From: Qu Wenruo <quwenruo.btrfs@gmx.com>
To: Marc MERLIN <marc@merlins.org>, linux-btrfs@vger.kernel.org
Subject: Re: 6.4 and 6.9 btrfs blocked and btrfs_work_helper workqueue lockup, is it an IO bug/hang though?
Date: Wed, 28 Feb 2024 18:48:07 +1030 [thread overview]
Message-ID: <2020a7b4-b052-4144-8386-b05102a5465d@gmx.com> (raw)

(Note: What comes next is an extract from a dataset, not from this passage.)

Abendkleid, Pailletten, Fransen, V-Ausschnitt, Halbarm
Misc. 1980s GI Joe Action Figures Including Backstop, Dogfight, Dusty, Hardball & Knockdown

In-Reply-To: <Zd5s1k8bFguE2NVl@merlins.org>
在 2024/2/28 09:44, Marc MERLIN 写道:
> Could anyone who can raad those things better than me, give me a clue
> whether those hangs are hardware related like I'm guessing they may be,
> or if they are potentially bugs worth looking into?
>
> Thanks,
> Marc
>
> On Sun, Feb 18, 2024 at 10:24:04PM -0800, Marc MERLIN wrote:
>> I've seen this with both 6.4.9 and 6.6.9 and had to sysrq reboot both
>> times to recover.
>> I'm trying to see if it's a hang of my raid card.
>>
>> That's the more recent hang with 6.6.9:
>>
>> The one with 6.4.9 is longer, so I put it here: https://pastebin.com/xz11JXWM
This one looks like it's hanging at btrfs_commit_transaction+0x26c.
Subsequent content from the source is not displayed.